Don't give up before you even started.
Did you convert the wavelength values to photon energies?
Which patterns do you expect in the energy spectrum?

 

[unscientific]

Don't give up before you even started.
Did you convert the wavelength values to photon energies?
Which patterns do you expect in the energy spectrum?

I expect, the gaps between energy levels to become smaller as you go higher up..

 

[unscientific]

Don't give up before you even started.
Did you convert the wavelength values to photon energies?
Which patterns do you expect in the energy spectrum?

13.5nm -> 92.1 eV
11.4nm -> 109.0 eV
10.8nm -> 115.1 eV

So

n=1 is 92.1 eV
n=2 is 109.0 eV
n=3 is 115.5 eV

Then what is the point of giving us the other 2 absorption wavelengths?

 

[mfb]

So

n=1 is 92.1 eV
n=2 is 109.0 eV
n=3 is 115.5 eV

Then what is the point of giving us the other 2 absorption wavelengths?

Photon energies are not the energies of states!

Which photon energies (not electron energy states) do you get for a hydrogen atom? Which ratios do you have between those values? Do you see a similarity to your problem?

 

[unscientific]

For Hydrogen:

E1 = -13.6 eV
E2 = -3.4 eV
E3 = -1.51 eV
E4 = -0.850 eV

Based on the wavelengths given, 92.1eV, 109eV, 115.5eV are differences in energy between En and E1.

The ratio of first energy level between the gas and hydrogen = Z², where Z is the proton number of the gas.

 

[unscientific]

Photon energies are not the energies of states!

Which photon energies (not electron energy states) do you get for a hydrogen atom? Which ratios do you have between those values? Do you see a similarity to your problem?
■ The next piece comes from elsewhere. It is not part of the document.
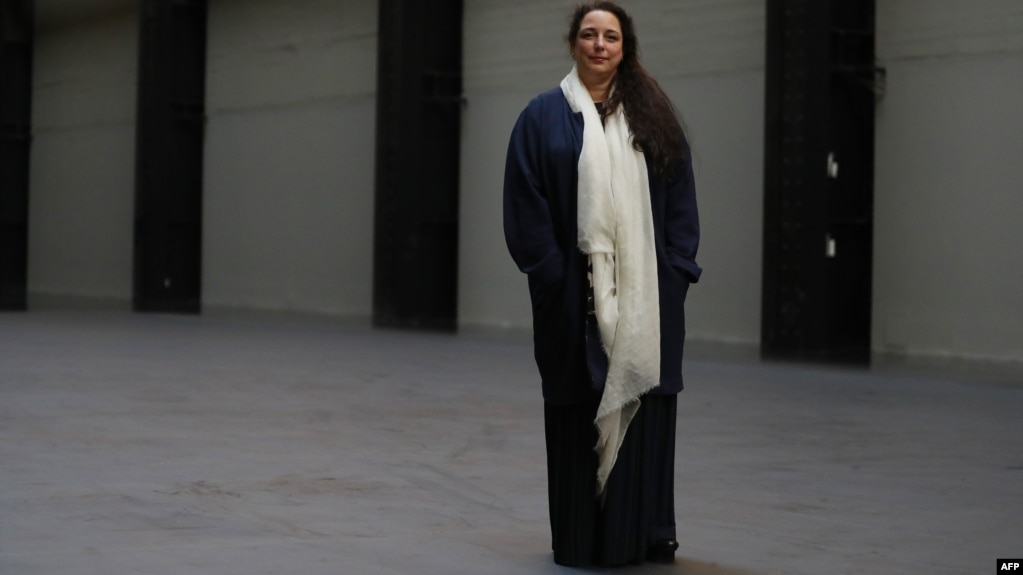 Tania Bruguera en el Turbine Hall del Tate Modern en Londres.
Ok using the relation ΔE = (1- 1/n²)

First emission:
92.1 = E1(3/4)

Second emission:
109 = E₁(8/9)

Third Emission:

115.5 = E₁(15/16)

These ratios match, so somehow these are the emissions from the second, third and fourth energy levels.

E₁ = (13.6)Z²

Solving, Z = 3 (Lithium) and E₁ = 122.4eV, R = (13.6eV)/hc = 1.09*10⁷

 

[mfb]

That is correct.

R = (13.6eV)/hc = 1.09*10⁷

I think the factor of 9 is missing here, and the last value should have units.